I have a list of lists of strings, basically just ...
# datascience
j
I have a list of lists of strings, basically just an excel sheet, of roughly 60-90MB size in RAM. This data needs to be exported as excel and am thinking about tinkering a little more with Kotlin Dataframe to do it. What would you say: Use Dataframe or just plain old apache POI?
e
Dataframe will give you a better UX imho
💯 1
plus all of Koltin's niceties
j
Gotcha
Do you have an idea, what's the CPU and Mem overhead, if any, for data of this size?
The process runs in a serverless worker with about 1.5GB Mem.
e
not sure really, maybe someone else can chime in
or run jconsole while running it and find out 🙂
j
Yeah. I think curiosity wins this round. I have already added the necessary lines to my build.gradle.kts 😄 Will get back with my findings on mem.
🙌 1
Ok, so my Matrix is about 70k lines with 32 cols. Cols are short, like not longer than 32 chars. I took a profiler to look at the excel workbook creation from a dataframe. I think I might take a shot at just using POI.
Might just be my bad programming, and the jvm just hogging everything it can get on my workstation. But somehow this seems like a little much for the parameters above
j
@Jens hmm 20GB indeed looks a bit excessive. How large is the excel file you end up with?
j
8.9 MB
👀 1
j
Might be something worth investigating on our end.

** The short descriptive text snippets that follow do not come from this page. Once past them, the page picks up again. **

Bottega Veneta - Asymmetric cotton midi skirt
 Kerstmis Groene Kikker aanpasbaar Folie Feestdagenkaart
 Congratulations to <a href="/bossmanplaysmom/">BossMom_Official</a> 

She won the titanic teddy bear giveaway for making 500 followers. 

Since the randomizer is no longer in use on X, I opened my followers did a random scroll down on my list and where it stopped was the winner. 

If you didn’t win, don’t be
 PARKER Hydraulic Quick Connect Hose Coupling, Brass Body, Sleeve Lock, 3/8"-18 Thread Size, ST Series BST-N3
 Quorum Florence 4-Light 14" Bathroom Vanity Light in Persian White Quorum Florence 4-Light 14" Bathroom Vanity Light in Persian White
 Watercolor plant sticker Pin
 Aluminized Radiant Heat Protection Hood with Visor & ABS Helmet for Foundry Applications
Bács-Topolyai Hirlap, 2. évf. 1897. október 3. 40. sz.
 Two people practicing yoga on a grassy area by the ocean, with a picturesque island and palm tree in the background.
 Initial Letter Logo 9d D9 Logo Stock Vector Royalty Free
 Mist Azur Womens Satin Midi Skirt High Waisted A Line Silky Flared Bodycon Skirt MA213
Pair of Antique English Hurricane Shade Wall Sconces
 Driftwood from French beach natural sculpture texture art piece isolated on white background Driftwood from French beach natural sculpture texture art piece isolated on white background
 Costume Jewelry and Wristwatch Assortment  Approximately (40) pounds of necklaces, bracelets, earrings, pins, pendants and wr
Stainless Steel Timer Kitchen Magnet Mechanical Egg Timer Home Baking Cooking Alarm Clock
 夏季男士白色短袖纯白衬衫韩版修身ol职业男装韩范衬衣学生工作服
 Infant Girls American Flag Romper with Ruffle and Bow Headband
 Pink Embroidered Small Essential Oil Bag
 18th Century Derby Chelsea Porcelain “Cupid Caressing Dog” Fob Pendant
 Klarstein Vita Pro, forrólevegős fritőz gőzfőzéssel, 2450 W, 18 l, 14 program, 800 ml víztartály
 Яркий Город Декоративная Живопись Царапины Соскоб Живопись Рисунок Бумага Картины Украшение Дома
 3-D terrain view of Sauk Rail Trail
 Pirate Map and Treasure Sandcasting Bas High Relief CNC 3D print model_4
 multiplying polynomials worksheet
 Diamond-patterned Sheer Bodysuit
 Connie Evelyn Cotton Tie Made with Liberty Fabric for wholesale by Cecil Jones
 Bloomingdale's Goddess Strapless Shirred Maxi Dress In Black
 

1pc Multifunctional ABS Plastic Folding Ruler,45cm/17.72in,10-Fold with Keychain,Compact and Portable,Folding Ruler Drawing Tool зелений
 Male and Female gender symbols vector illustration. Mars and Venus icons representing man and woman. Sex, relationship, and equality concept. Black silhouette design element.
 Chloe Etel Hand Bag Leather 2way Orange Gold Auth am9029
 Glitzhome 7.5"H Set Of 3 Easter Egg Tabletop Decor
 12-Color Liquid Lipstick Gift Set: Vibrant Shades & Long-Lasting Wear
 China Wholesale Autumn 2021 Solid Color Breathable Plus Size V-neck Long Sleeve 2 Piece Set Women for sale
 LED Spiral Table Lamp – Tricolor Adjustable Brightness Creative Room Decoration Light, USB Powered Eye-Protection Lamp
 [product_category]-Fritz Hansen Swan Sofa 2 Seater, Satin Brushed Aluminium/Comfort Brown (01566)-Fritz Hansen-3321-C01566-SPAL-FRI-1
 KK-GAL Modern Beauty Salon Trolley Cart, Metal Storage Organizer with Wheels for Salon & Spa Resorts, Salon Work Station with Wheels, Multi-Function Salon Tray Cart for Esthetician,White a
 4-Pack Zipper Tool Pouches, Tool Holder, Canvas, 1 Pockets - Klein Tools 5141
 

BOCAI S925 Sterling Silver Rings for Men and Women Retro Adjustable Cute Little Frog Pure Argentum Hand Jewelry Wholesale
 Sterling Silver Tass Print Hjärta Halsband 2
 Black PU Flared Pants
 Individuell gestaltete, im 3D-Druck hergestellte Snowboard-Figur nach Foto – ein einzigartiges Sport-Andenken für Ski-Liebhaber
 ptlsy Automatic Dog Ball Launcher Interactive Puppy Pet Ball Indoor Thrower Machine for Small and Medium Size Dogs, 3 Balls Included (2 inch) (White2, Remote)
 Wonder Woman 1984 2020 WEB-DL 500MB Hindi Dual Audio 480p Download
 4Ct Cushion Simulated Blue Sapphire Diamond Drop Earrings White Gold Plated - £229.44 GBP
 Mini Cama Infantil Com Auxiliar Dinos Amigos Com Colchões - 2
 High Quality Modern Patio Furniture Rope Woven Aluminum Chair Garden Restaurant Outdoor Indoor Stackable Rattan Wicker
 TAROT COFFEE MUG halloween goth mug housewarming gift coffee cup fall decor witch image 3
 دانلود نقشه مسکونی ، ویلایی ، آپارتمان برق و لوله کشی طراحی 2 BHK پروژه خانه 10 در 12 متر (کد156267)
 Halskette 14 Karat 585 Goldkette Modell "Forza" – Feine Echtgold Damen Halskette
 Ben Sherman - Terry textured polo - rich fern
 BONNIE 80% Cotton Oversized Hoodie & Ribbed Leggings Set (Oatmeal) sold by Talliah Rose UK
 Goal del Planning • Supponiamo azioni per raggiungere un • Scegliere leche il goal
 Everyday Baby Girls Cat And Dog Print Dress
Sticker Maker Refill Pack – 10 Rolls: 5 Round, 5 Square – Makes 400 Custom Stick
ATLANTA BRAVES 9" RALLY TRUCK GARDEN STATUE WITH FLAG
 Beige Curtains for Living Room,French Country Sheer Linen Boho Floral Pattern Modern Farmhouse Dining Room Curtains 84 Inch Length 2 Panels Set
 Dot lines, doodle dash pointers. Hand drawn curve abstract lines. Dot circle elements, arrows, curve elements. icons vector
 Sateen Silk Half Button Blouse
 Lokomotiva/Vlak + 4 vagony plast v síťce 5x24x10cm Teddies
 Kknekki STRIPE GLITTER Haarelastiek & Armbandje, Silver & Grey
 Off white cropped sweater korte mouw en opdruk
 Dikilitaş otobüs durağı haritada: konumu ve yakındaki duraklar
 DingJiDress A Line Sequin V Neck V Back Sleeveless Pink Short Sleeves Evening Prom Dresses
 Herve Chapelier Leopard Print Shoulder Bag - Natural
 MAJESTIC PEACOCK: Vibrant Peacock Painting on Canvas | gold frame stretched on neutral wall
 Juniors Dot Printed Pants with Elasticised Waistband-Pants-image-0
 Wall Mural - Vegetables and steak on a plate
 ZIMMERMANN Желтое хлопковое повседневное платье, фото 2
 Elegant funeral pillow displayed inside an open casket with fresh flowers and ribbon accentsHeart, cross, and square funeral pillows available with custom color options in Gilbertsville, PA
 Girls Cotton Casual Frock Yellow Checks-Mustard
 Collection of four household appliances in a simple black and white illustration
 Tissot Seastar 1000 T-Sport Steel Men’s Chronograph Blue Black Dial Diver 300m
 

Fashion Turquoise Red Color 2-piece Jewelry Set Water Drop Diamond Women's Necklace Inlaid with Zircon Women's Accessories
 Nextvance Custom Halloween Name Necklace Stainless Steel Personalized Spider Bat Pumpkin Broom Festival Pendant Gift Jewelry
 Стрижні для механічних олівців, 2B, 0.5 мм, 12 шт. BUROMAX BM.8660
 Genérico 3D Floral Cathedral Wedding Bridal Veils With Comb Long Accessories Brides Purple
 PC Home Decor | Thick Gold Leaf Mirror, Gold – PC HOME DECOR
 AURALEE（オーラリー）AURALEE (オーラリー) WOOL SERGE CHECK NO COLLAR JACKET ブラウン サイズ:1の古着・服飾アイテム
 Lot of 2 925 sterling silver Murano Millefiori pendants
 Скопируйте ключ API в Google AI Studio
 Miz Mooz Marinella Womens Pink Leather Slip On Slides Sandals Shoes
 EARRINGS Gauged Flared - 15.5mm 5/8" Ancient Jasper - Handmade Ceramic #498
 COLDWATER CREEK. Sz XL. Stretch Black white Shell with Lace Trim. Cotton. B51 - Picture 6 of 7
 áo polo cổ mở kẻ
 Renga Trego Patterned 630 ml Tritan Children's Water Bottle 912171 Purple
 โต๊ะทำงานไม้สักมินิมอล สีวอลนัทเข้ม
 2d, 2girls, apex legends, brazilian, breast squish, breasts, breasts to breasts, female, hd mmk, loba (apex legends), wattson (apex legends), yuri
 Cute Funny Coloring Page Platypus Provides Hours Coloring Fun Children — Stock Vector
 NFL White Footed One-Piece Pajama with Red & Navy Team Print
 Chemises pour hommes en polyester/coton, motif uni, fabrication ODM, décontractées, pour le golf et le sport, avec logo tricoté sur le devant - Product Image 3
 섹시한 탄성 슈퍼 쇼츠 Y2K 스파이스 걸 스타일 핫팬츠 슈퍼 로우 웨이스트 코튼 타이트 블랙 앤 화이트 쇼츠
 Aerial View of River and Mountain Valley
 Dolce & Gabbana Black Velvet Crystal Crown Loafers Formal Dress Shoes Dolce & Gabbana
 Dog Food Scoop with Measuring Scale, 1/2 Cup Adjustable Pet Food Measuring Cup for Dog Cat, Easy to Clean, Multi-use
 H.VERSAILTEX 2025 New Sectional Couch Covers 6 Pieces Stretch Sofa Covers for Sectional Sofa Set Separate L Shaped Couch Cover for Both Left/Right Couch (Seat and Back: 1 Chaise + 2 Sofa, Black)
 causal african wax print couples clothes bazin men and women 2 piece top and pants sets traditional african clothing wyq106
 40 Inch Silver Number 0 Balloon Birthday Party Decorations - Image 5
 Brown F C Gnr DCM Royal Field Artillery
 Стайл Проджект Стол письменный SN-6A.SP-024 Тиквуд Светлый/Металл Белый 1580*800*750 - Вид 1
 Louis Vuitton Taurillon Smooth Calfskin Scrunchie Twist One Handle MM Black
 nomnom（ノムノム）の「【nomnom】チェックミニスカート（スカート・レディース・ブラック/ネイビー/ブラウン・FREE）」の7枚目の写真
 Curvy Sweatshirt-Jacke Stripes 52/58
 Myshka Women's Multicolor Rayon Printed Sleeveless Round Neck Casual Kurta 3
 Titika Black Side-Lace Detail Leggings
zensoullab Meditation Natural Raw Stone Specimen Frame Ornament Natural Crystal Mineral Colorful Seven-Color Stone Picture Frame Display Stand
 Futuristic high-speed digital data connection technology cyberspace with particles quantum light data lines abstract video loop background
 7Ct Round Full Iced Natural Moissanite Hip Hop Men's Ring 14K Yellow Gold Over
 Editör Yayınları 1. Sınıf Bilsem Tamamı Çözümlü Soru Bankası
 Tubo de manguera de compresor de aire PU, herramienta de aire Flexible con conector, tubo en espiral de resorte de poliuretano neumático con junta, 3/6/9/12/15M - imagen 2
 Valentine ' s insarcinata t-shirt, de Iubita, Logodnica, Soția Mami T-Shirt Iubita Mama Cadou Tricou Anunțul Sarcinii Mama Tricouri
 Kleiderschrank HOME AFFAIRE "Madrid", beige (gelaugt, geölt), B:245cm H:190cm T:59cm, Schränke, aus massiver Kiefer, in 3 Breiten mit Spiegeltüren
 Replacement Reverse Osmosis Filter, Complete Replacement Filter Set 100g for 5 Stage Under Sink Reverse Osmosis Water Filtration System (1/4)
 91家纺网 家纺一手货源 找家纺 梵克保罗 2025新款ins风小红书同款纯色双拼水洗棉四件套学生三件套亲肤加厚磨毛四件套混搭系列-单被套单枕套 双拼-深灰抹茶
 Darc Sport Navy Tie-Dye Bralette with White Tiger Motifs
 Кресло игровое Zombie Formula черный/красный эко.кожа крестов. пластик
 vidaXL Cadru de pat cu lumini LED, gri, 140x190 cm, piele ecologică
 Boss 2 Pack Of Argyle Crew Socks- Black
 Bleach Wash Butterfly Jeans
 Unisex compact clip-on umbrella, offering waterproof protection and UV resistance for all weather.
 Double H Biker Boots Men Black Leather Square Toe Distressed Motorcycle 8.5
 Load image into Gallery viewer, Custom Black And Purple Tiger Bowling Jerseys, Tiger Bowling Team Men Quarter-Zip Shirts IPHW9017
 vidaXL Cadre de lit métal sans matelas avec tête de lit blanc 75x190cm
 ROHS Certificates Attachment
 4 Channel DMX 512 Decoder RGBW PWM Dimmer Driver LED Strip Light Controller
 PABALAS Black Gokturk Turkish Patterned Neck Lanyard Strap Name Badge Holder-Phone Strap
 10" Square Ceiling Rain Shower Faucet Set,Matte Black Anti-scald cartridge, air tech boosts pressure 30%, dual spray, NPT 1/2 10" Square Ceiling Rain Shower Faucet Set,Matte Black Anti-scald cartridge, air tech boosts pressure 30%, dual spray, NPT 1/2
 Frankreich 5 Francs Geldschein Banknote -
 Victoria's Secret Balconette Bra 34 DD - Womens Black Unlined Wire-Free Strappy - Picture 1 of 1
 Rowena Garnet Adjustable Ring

Maybe we can't help it and it's because of our excel integration, but maybe we can optimize our integration in terms of memory :) if you have the time, could you create an issue on our GitHub? If possible, with a reproducible example. That way we can investigate :)
j
It's a feature that is already overdue, so I have get going a little. What I will do first, is to re-implement with vanilla Apache POI, which might also shed some more light on the problem. I will share my findings. When I'm done, I'll try to provide a small example.
thank you color 2
n
Hello! There's a class that could help to reduce peak memory consumption https://poi.apache.org/apidocs/dev/org/apache/poi/xssf/streaming/SXSSFWorkbook.html. It's a streaming writing implemetation
Copy code
val df = dataFrameOf('a'..'z').fill(1_000_000) { it }
val f = File("test.xlsx")
val xssfWorkbook = XSSFWorkbook()
val workbook = SXSSFWorkbook(xssfWorkbook, SXSSFWorkbook.DEFAULT_WINDOW_SIZE)
df.writeExcel(workbook)
workbook.write(f.outputStream())
This code peaks at 1.3 gb memory, while using
XSSFWorkbook
directly (holding whole sheet in memory) takes whole 15 gb It's from
Copy code
implementation("org.apache.poi:poi-ooxml:5.4.0")
👍 2
j
Cool, thx for the tip. Will check it out